Memprioritaskan kemajuan dalam penelitian dan dukungan bagi penderita demensia
Laporan tersebut juga membahas kemajuan yang menggembirakan dalam biomarker darah dan antibodi Anti-amiloid β untuk penyakit Alzheimer. Para penulis menjelaskan bahwa biomarker darah merupakan langkah maju yang signifikan bagi penderita demensia, yang berpotensi meningkatkan skalabilitas dan mengurangi intrusi serta biaya pengujian untuk diagnosis yang akurat. Meskipun ada uji klinis yang menjanjikan, para penulis laporan memperingatkan bahwa perawatan antibodi Anti-amiloid β masih baru, tanpa data jangka panjang yang tersedia, dan menyerukan lebih banyak penelitian dan transparansi yang lebih luas tentang efek samping jangka pendek dan jangka panjang.
Terakhir, laporan tersebut menyerukan dukungan yang lebih besar bagi penderita demensia dan keluarga mereka. Penulis menekankan bahwa di banyak negara, intervensi efektif yang diketahui bermanfaat bagi penderita demensia masih belum tersedia atau belum menjadi prioritas, termasuk intervensi aktivitas yang memberikan kesenangan dan mengurangi gejala neuropsikiatri serta penghambat kolinesterase untuk memperlambat penurunan kognitif pada Alzheimer. Demikian pula, banyak kebutuhan pengasuh yang tidak dievaluasi dan tidak terpenuhi. Mereka merekomendasikan penyediaan intervensi penanganan multikomponen bagi pengasuh keluarga yang berisiko mengalami depresi dan kecemasan, termasuk menyediakan dukungan emosional, perencanaan untuk masa depan, dan informasi tentang sumber daya medis dan berbasis komunitas.
Para penulis mencatat bahwa meskipun hampir semua bukti untuk demensia masih berasal dari negara-negara berpendapatan tinggi, kini ada lebih banyak bukti dan intervensi dari LMIC, tetapi intervensi biasanya perlu dimodifikasi untuk mendukung budaya, kepercayaan, dan lingkungan yang berbeda dengan lebih baik. Mereka juga menunjukkan bahwa estimasi pencegahan mengasumsikan ada hubungan kausal antara faktor risiko dan demensia, dan meskipun mereka berhati-hati untuk hanya memasukkan faktor risiko dengan bukti yang meyakinkan, mereka mencatat bahwa beberapa hubungan mungkin hanya sebagian bersifat kausal. Misalnya, meskipun depresi yang tak kunjung reda di usia paruh baya mungkin bersifat kausal, depresi di usia lanjut mungkin disebabkan oleh demensia. Terakhir, mereka mencatat bahwa modifikasi risiko ini memengaruhi populasi, dan tidak menjamin bahwa setiap individu akan terhindar dari demensia.

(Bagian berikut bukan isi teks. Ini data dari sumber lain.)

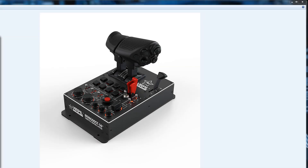Hi folks, today we're going to have a look at the digital input side of the Virpil equipment — how it handles things, how you can change mappings, and do other stuff like that. We'll have a quick review first of our input device types.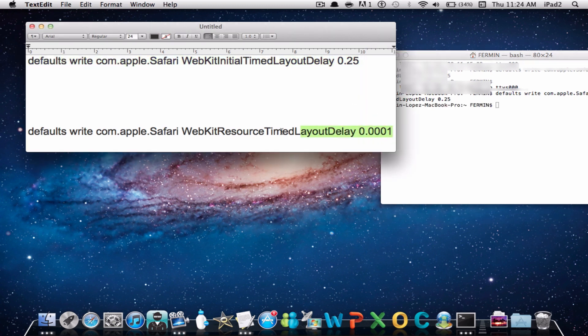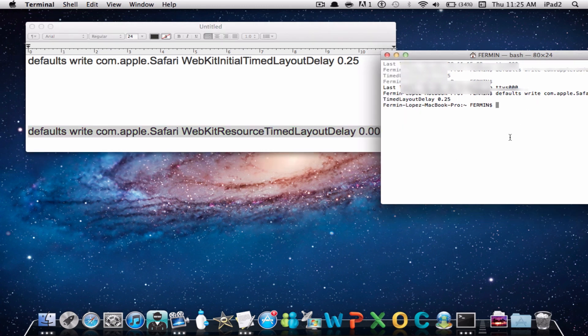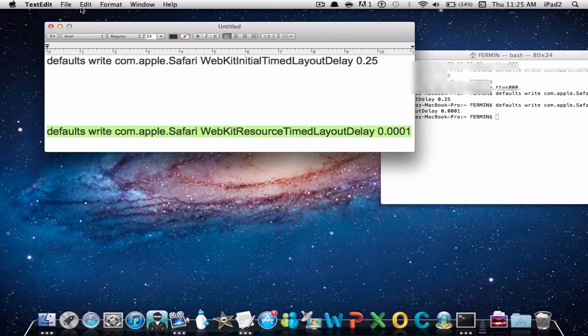Go ahead and do that with the 0.0001. After this, I can pretty much assure you that Safari will be really fast.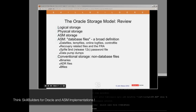What ASM will not replace is your conventional physical storage for non-database files — that means the Oracle binaries, your automatic diagnostic repository, and alert log files. Files that are completely external to the database cannot go on ASM, unless you use the ACFS — the ASM Cluster File System — but that would be a different topic.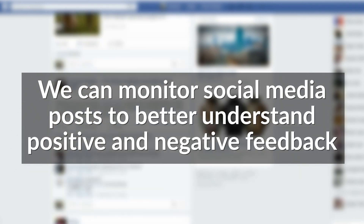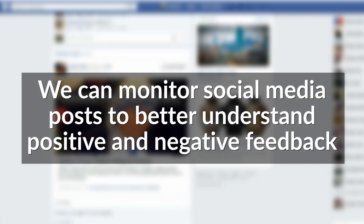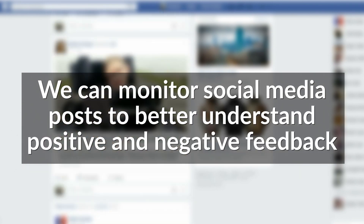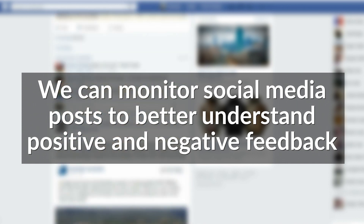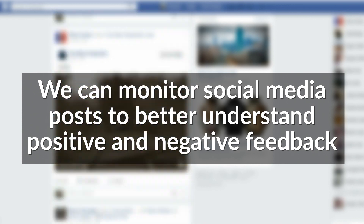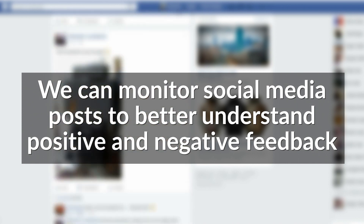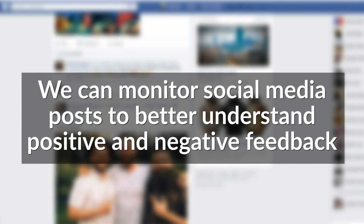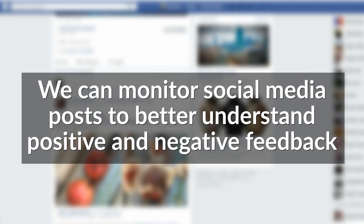We can monitor different social media posts. People sometimes they are positive and sometimes they are negative, and we can figure out in which specific field they are a little bit skeptical.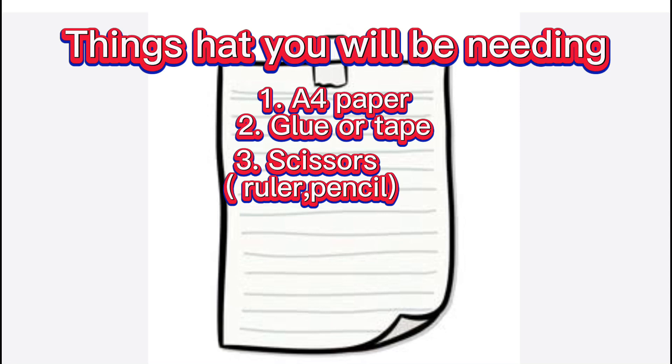These are the things that you will be needing. A4 paper, glue or tape, scissors, ruler and pencil as optional.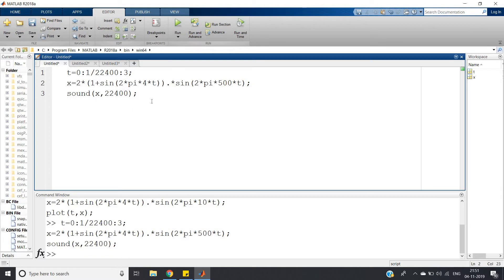Like this you can apply the sound, apply the amplitude modulation formula for sound signal generation. You can check for other frequencies also.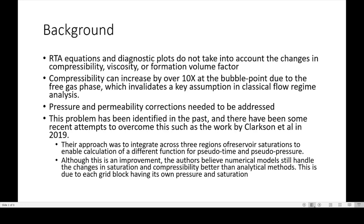For background: RTA equations and diagnostic plots do not account for changes in compressibility, viscosity, or formation volume factor. In fact, compressibility can increase by over 10 times at the bubble point due to the free gas phase, invalidating the key assumption in classical flow regime analysis. Pressure and perm corrections, described in more detail in the paper, have to be addressed.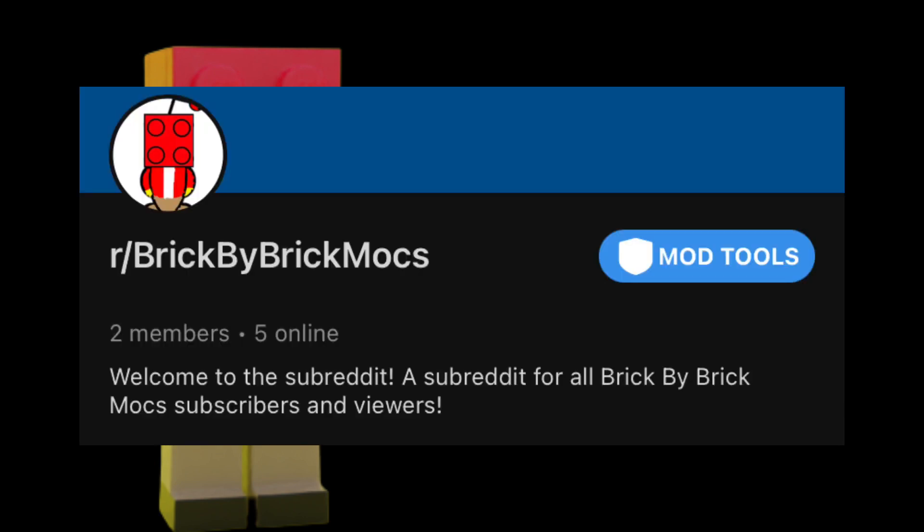If you have Reddit, join it. If you want to join it, I guess get Reddit if you can. And just join it.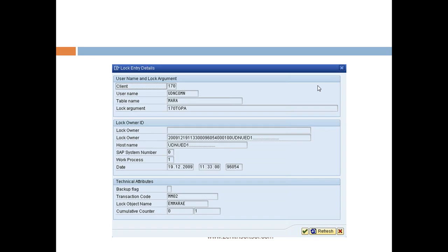So if you double click on that table, you will get like this details about that lock entry. So this is how you can see who is the owner of that lock table and how you have to process with this lock entry.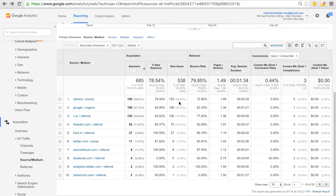Hey guys, I'm back — this is part four of my Google Analytics series. In this video we want to talk about goals: what goals are, why we set them up in Google Analytics, and how they help us increase our conversions, sales, and leads.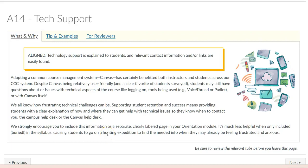Although there are huge benefits to having a common course management system, and Canvas is relatively easy to use, students may have a variety of questions about logging in, how to use certain tools in the course, and even about the other features in Canvas.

Referensi: “Pencegahan, intervensi, dan perawatan demensia: laporan 2024 dari Komisi Tetap Lancet” oleh Gill Livingston, Jonathan Huntley, Kathy Y Liu, Sergi G Costafreda, Geir Selbæk, Suvarna Alladi, David Ames, Sube Banerjee, Alistair Burns, Carol Brayne, Nick C Fox, Cleusa P Ferri, Laura N Gitlin, Robert Howard, Helen C Kales, Mika Kivimäki, Eric B Larson, Noeline Nakasujja, Kenneth Rockwood, Quincy Samus, Kokoro Shirai, Archana Singh-Manoux, Lon S Schneider, Sebastian Walsh, Yao Yao, Andrew Sommerlad dan Naaheed Mukadam, 31 Juli 2024, Lanset.
DOI: 10.1016/S0140-6736(24)01296-0
“Manfaat intervensi tingkat populasi untuk faktor risiko demensia: studi pemodelan ekonomi untuk Inggris” oleh Naaheed Mukadam, Robert Anderson, Sebastian Walsh, Raphael Wittenberg, Martin Knapp, Carol Brayne dan Gill Livingston, 31 Juli 2024, Lancet Umur Panjang yang Sehat.
Nomor Induk Kependudukan: 10.1016/S2666-7568(24)00117-X
Komisi Lancet didanai oleh University College London, Inggris, Alzheimer’s Society, Alzheimer’s Research UK, dan Economic and Social Research Council. Daftar lengkap peneliti dan lembaga yang melakukan penelitian tersedia dalam laporan Komisi.
Makalah Lancet Healthy Longevity didanai oleh Tiga Sekolah NIHR.